§ TASK BRIEF
Copy exactly the lines from the one containing "Rendang Jeroan Ayam" through the last line of the records below, both included, and leave out the pictures.

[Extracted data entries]
━━━━━━

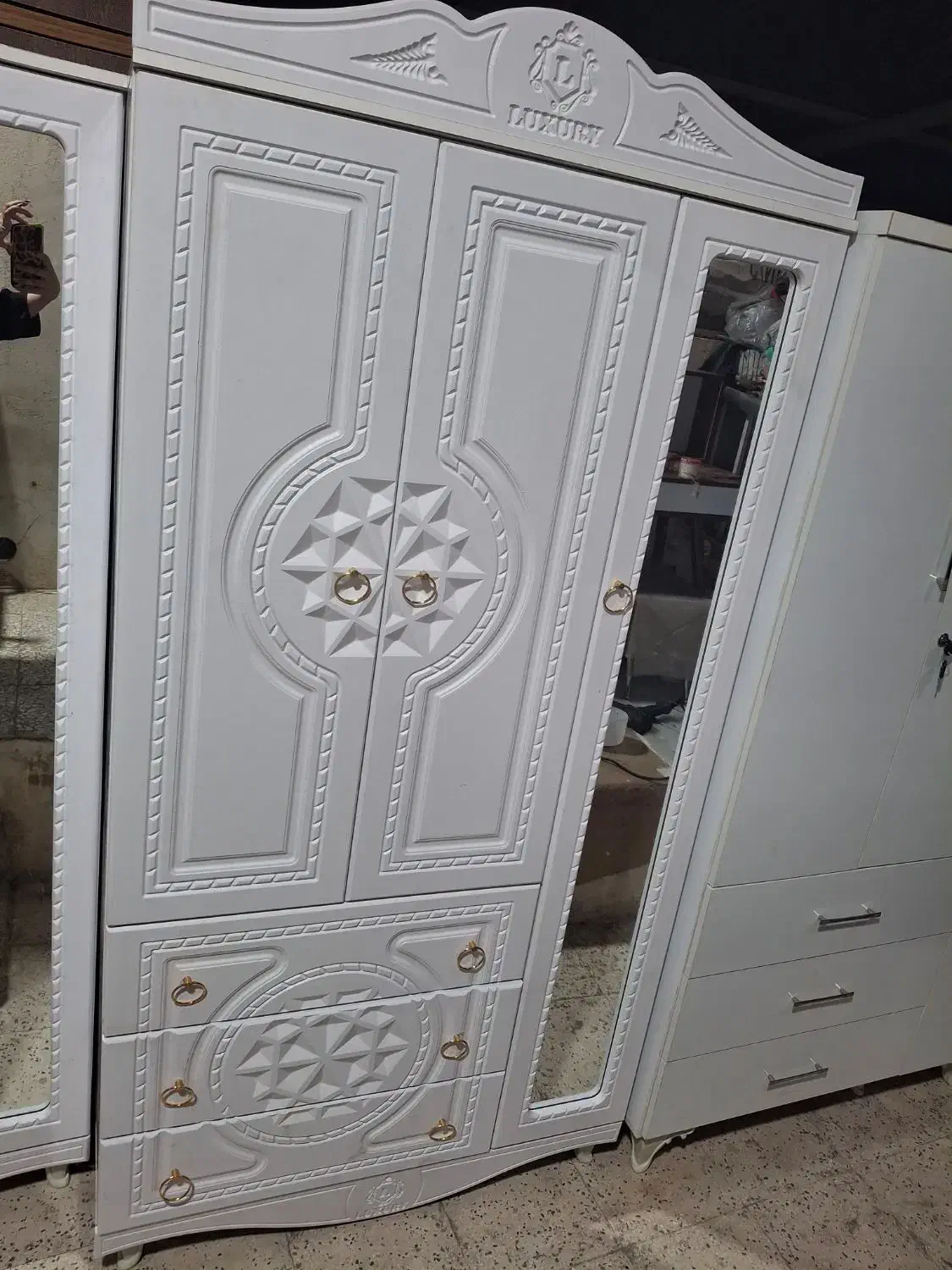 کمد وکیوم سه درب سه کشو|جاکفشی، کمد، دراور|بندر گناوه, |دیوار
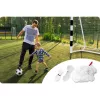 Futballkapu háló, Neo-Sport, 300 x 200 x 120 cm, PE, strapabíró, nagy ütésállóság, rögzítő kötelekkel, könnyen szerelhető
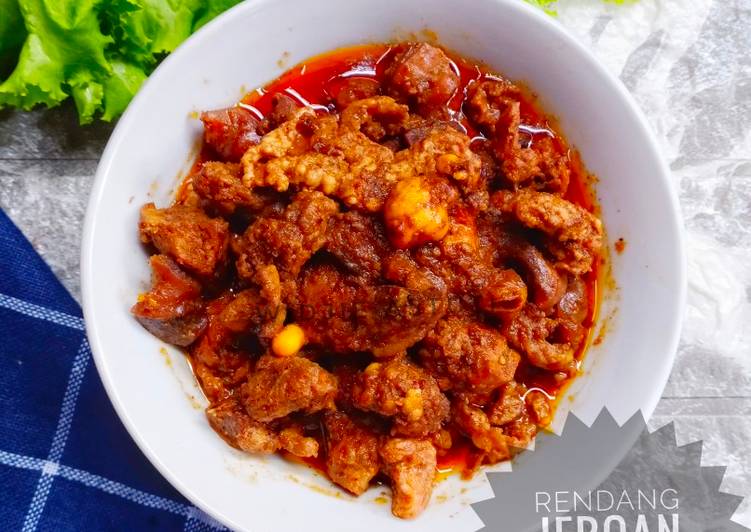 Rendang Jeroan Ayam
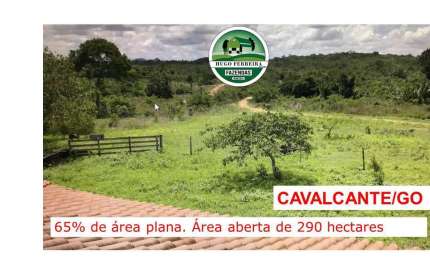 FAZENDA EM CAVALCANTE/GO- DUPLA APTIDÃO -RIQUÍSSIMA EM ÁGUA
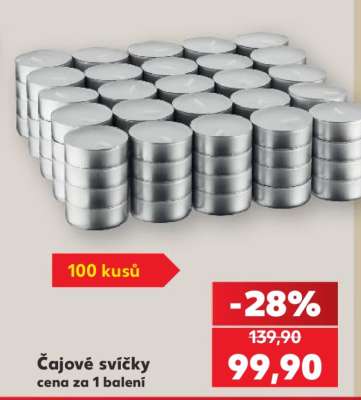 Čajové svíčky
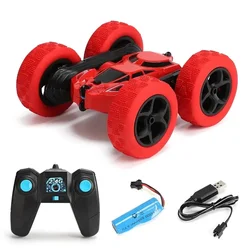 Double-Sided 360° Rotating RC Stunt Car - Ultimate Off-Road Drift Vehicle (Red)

━━━━━━

§ EXERCISE RESPONSE
 Rendang Jeroan Ayam
 FAZENDA EM CAVALCANTE/GO- DUPLA APTIDÃO -RIQUÍSSIMA EM ÁGUA
 Čajové svíčky
 Double-Sided 360° Rotating RC Stunt Car - Ultimate Off-Road Drift Vehicle (Red)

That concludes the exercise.